VxLAN Flood and Learn
This scenario was the first introduced, it relies in head end replication, meaning that end host in case of not having any entry for the destination MAC address will send out an ARP to other devices / VTEPs in the VXLAN network. This is done by sending the request to the VXLAN multicast group for this Bridge domain, remote VTEPs will get the packet and answer accordingly direct to the originating VTEP (Here we can be aware of two requirements for running this: multicast core, IGP or unicast reachability between VTEP Addresses)
Figure 2: VXLAN Peer Discoveries and Tenant Address Learning
I will base the explanation using this amazing pic that I just stole from cisco web page :)
- End System A (ES-A) sends out an ARP request for IP-B on its Layer 2 VXLAN network (note the Dst MAC Address).
- VTEP-1 receives the ARP request. Since he doesn't have a mapping for IP-B yet, it encapsulates the ARP request in an IP multicast packet and forwards it to the VXLAN multicast group for that specific segment (VNI). The encapsulated multicast packet has the IP address of VTEP-1 as the source IP address and the VXLAN multicast group address as the destination IP address.
- The IP multicast packet is distributed to all members in the tree, VTEP-2 and VTEP-3 receive the encapsulated multicast packet because they’ve joined that specific VXLAN multicast group, after that they decapsulate the packet and forward it locally to the local VXLAN network. In this process, if no prior communication was made between VTEP-1 to them, they insert into his local tablet the mapping between Mac Address of ES-A with IP of VTEP-1.
- After the local transport of ARP, End System B (ES-B) gets the request forwarded by VTEP-2 and responds with its own MAC address (MAC‑B), and learns the IP-A-to-MAC-A mapping.
- VTEP-2 receives the ARP reply of ES-B that has MAC-A as the destination MAC address, as per step 3 he knows about MAC-A-to- VTEP-1 mapping and therefore it can use the unicast tunnel to forward the ARP reply back to VTEP-1. The ARP reply is encapsulated in the UDP payload of a packet sourced from VTEP-2 and destined to VTEP-1.
- VTEP-1 receives the encapsulated ARP reply from VTEP-2. It decapsulates and forwards the ARP reply back to ES-A, also it learns the IP address of VTEP-2 from the outer IP address header and inspects the original packet to learn MAC-B-to-VTEP-2 IP mapping.
- Subsequent IP packets between ES-A and B are unicast forwarded, based on the mapping information on VTEP-1 and VTEP-2, using the VXLAN tunnel between them.
- VTEP-1 can optionally perform proxy ARPs for subsequent ARP requests for IP-B to reduce the flooding over the transport network.
Head-end Replication
When you are working with VXLAN and reading literature also is common to hear or read the concept of head-end replication, what this essentially means is that the local VTEP has the overhead of replicate the broadcast traffic out to the other VTEPs, in the original release of VXLAN which uses multicast as underlying layer to reach VTEPs this only means encapsulate packet and sent out to multicast group, but also there is the possibility of have unicast peering (full-mesh) with all the VTEPs and in this scenario the head-end replication has a notorious impact.
Figure 3: Head-end replication example in unicast VTEP reachability
VxLAN MAC Distribution
Another well know method is VXLAN MAC Distribution, head-end replication is still used to deliver broadcast and multicast frames
to remote VTEPs, but.. what about unknown unicast?

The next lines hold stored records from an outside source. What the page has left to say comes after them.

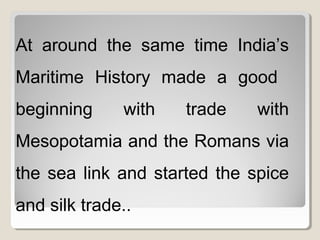 At around the same time India’s
Maritime History made a good
beginning with trade with
Mesopotamia and the Romans via
the sea link and started the spice
and silk trade..
 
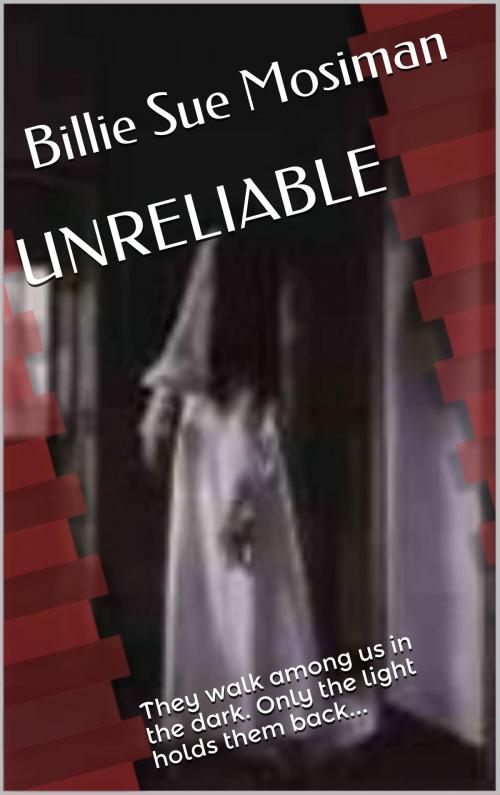 Cover of the book UNRELIABLE by Billie Sue Mosiman, DM Publishing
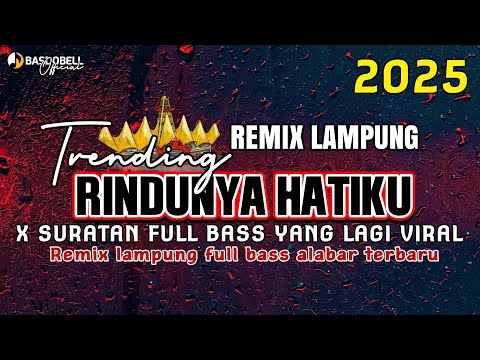RINDUNYA HATIKU X SURATAN FULL BASS LEPAS REMIX LAMPUNG 2025 BASDOBELL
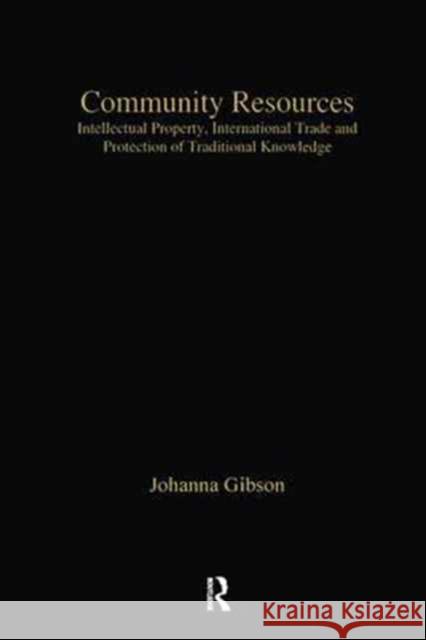 Community Resources: Intellectual Property, International Trade and Protection of Traditional Knowledge Johanna Gibson 9781138278141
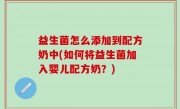 益生菌怎么添加到配方奶中(如何将益生菌加入婴儿配方奶？)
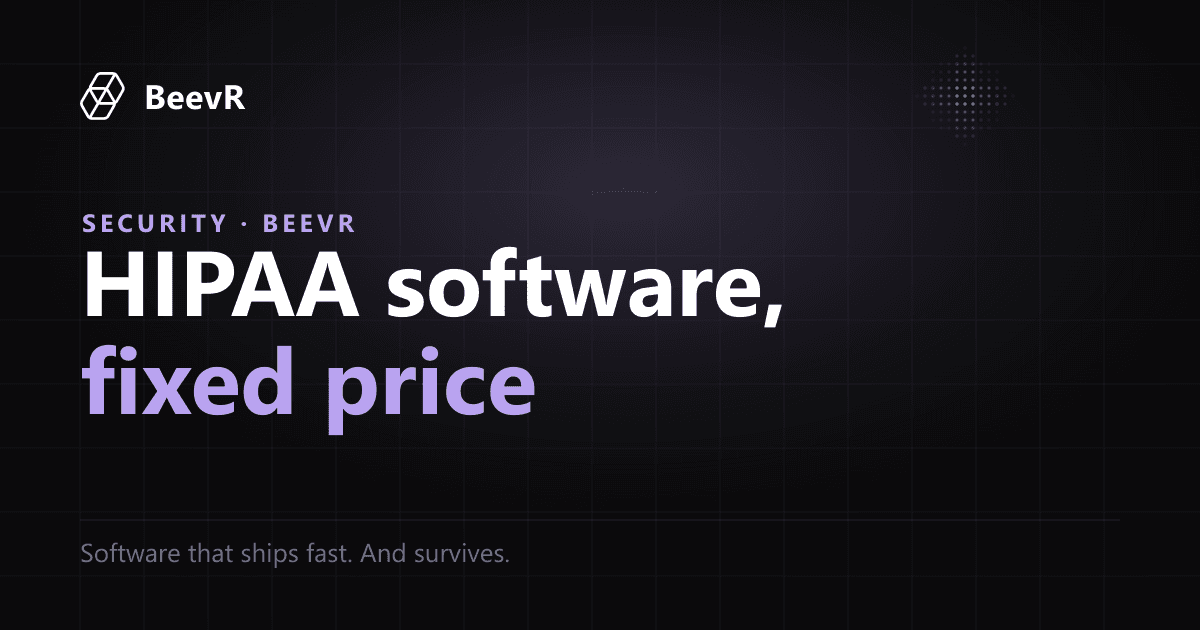 HIPAA-Compliant Software Development: Fixed Price, You Own the Code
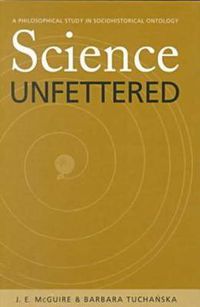 Cover image for Science Unfettered: A Philosophical Study in Sociohistorical Ontology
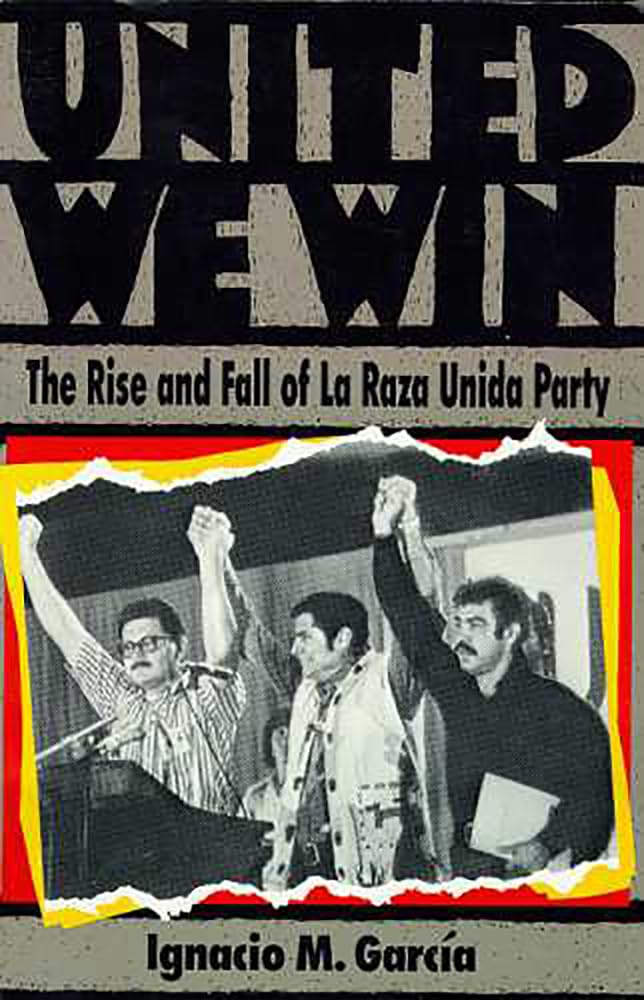 United We Win: The Rise and Fall of La Raza Unida Party,Used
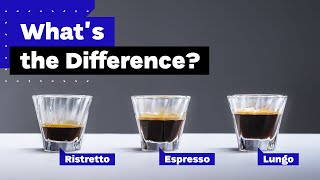 Ristretto Espresso vs Lungo Whats the difference [upl. by Wunder]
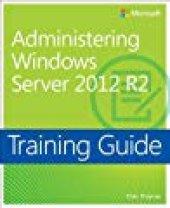 book Training Guide: Administering Windows Server 2012 R2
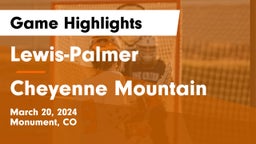 Lewis-Palmer  vs Cheyenne Mountain  Game Highlights - March 20, 2024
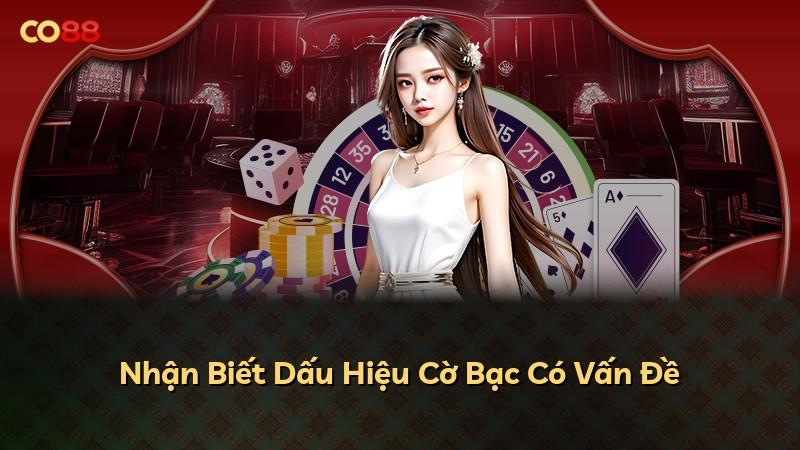 Nhận Biết Dấu Hiệu Cờ Bạc Có Vấn Đề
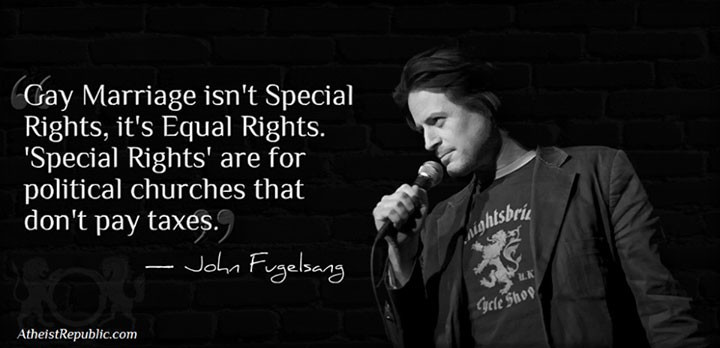 Gay Marriages Quotes
 John Fugelsang on Gay Marriage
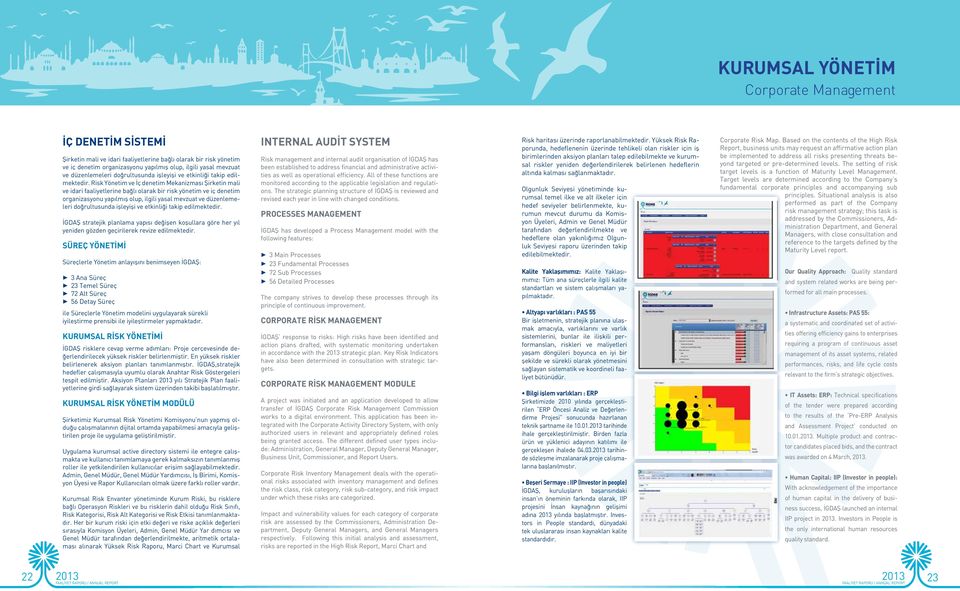 Risk Yönetim ve İç denetim Mekanizması Şirketin mali ve idari faaliyetlerine bağlı olarak bir risk yönetim ve iç denetim organizasyonu yapılmış olup, ilgili yasal mevzuat ve  İGDAŞ stratejik planlama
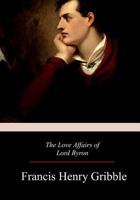 The Love Affairs of Lord Byron 1981160396 Book Cover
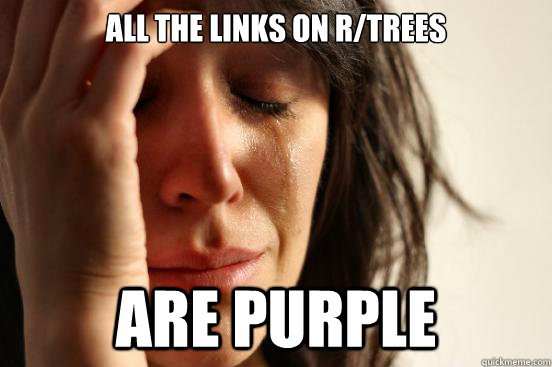 All the links on r/trees are purple  First World Problems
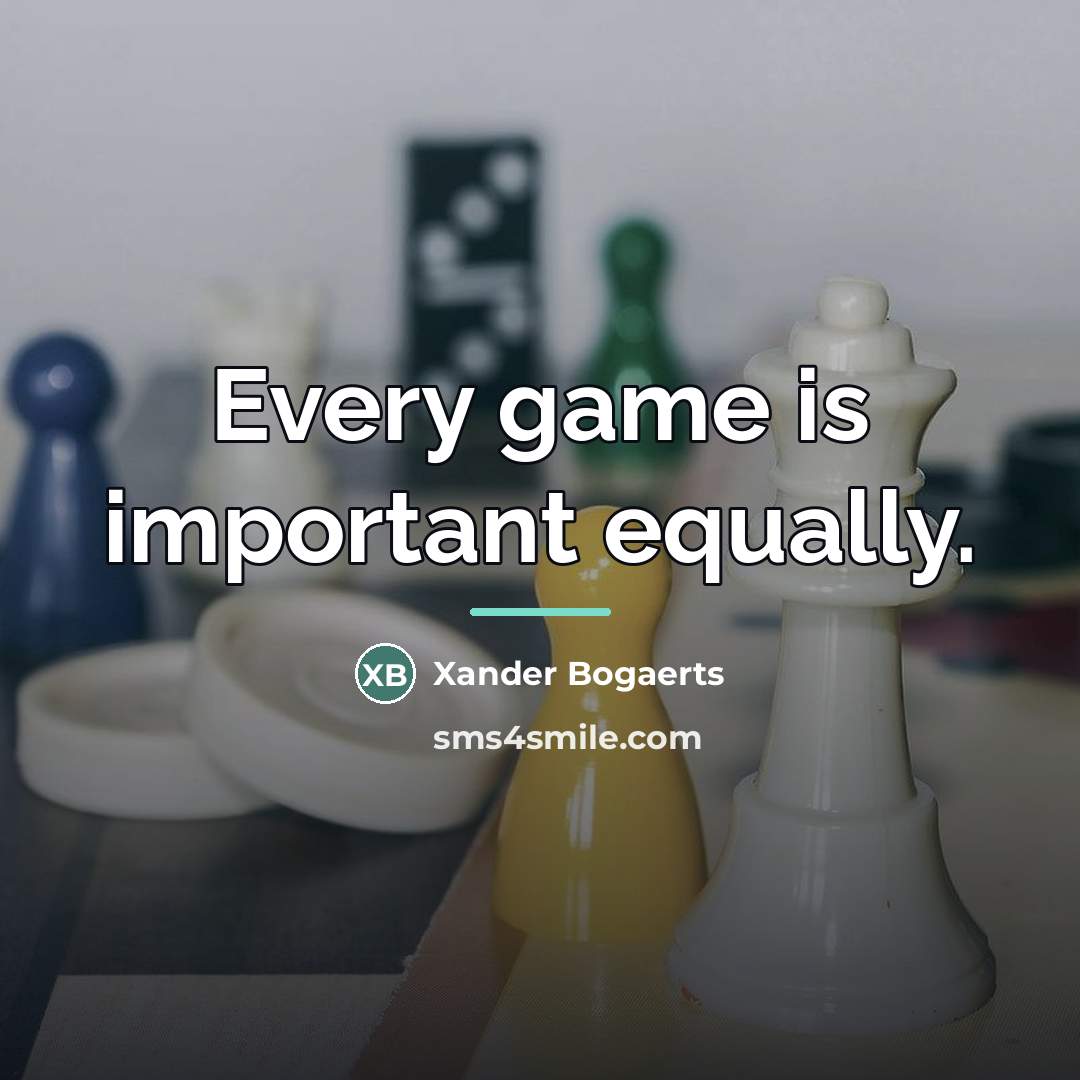 “Every game is important equally.…” quote by Xander Bogaerts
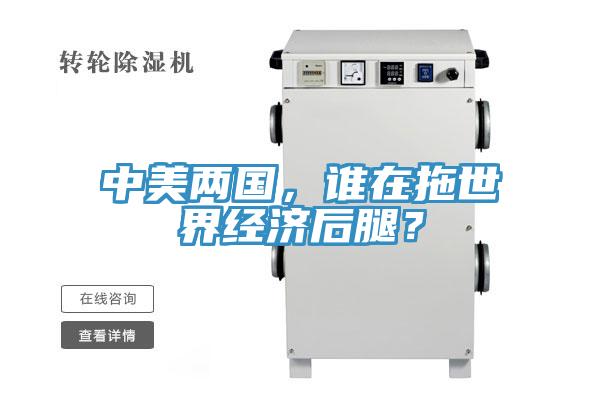 中美兩國(guó)，誰在拖世界經(jīng)濟(jì)后腿？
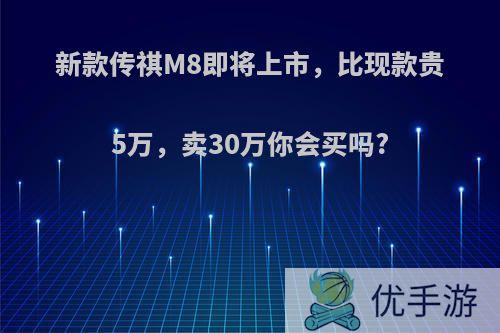 新款传祺M8即将上市，比现款贵5万，卖30万你会买吗?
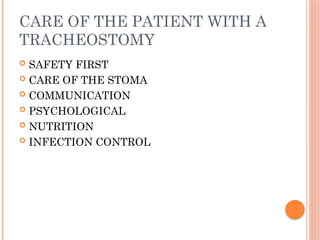 CARE OF THE PATIENT WITH A
TRACHEOSTOMY
 SAFETY FIRST
 CARE OF THE STOMA
 COMMUNICATION
 PSYCHOLOGICAL
 NUTRITION
 INFECTION CONTROL
 
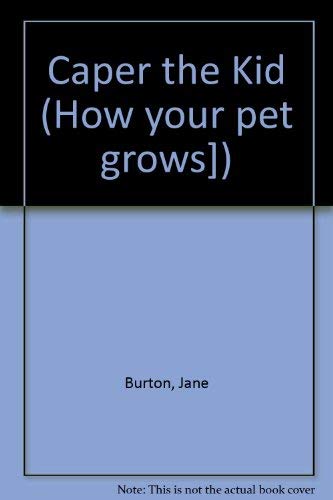 9780394999623: Caper the Kid (How your pet grows])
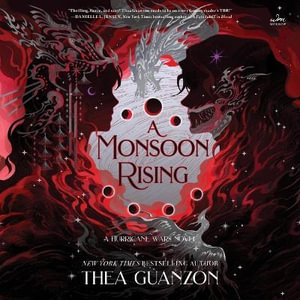 A Monsoon Rising : Hurricane Wars - Thea Guanzon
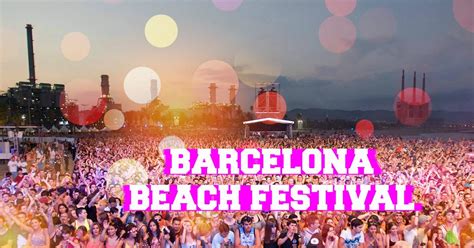 Barcelona Beach Festival — An Electronic Music Festival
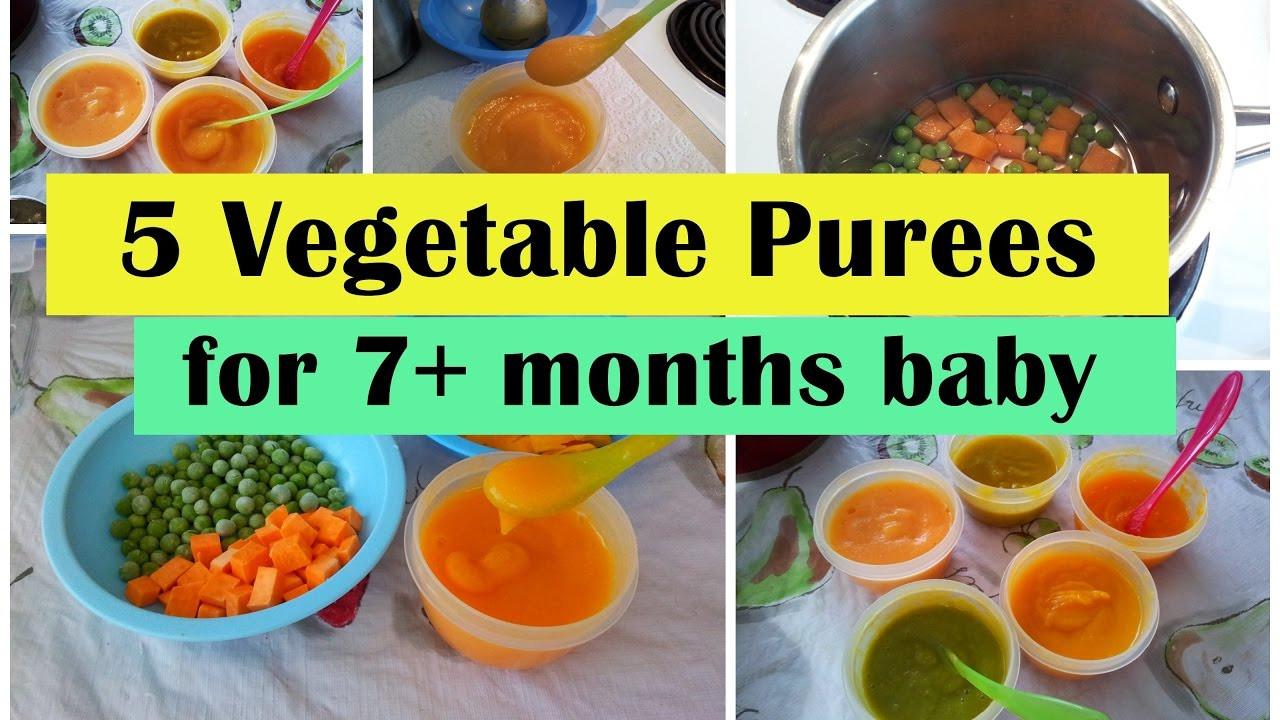 5 Month Old Baby Food Recipes
 5 Ve able Purees for 7 months baby Stage 2 Homemade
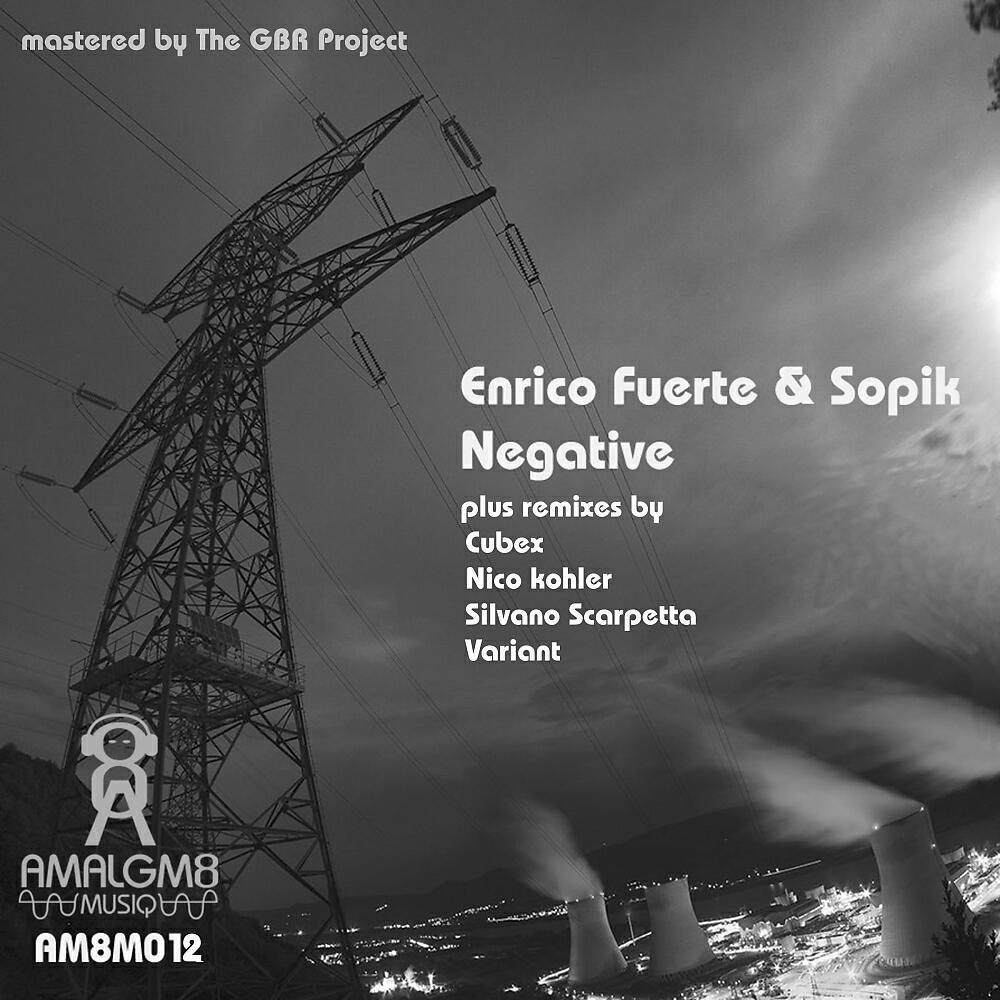 Enrico Fuerte - Negative (Cubex Remix)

You shouldn't have any (wish, read further). In this scenario MAC learning is not based on data plane activity and instead of that we have a central control
unity (Nexus 1000V VSM, NSX controller, etc) which is used to keep track of all MAC addresses
in the domain and send this information to the VTEPs on the system. Why do I say that this is a wish? Basically things are there to be broken, just like anY mapping table (CAM i.e.) entries have an aging associated to it, so if in first scenario VTEP-2 announces MAC-B entry through it and VTEP-1 gets populated with that all traffic will flow accordingly and VTEP-1, if doesn't have an entry for MAC-B, will query controller to get this info. Here two branches appears, a) controller has an entry and reply back to VTEP-1, entry gets installed and unicast traffic flow; b) controller doesn't have an entry for MAC-B and reply with an invalid entry so VTEP-1 must use head-end replication to reach learn where to send his packet (*this may vary depending on VTEPs OS/SW implementation).
Also there is another case in which VTEP-1 has a valid entry but it lost connectivity to controller and that entry gets old (and removed from table), in this case controller can't be queried and head-end replication will be used again.
VxLAN BGP EVPN Control plane
Quick disclaimer: Before starting with this I will say that you will find a lot of literature for this approach, also a lot of information regarding configuration to make this possible. This is the desired scenario for any real / production environment, Flood and Learn was showed just to understand what we got in the beginning and how we came up with a real control plane solution (and in a standard fashion way!).
EVPN overlay specifies adaptations to the BGP MPLS-based EVPN solution to enable it to be applied
as a network virtualization overlay with VXLAN encapsulation, essentially this bring us great benefits (I will add more later):
- Standardized solution: BGP plus VxLAN
- Real Control Plane learning
For this approach what we made is (for MPLS EVPN knowers):
- VTEP/network virtualization edge (NVE) is the equivalent to PE node
- VTEPs use control plane learning/distribution via BGP for remote MAC addresses instead of data plane learning.
- Broadcast, unknown unicast and multicast (BUM) data traffic is sent using a shared multicast tree.
- In order to reduce the need of full mesh between VTEPs we can rely on BGP route reflector (RR)
- Enhanced security by using well known Route filtering and constrained route distribution (control plane traffic for a given overlay is only distributed to the VTEPs that are in that overlay instance).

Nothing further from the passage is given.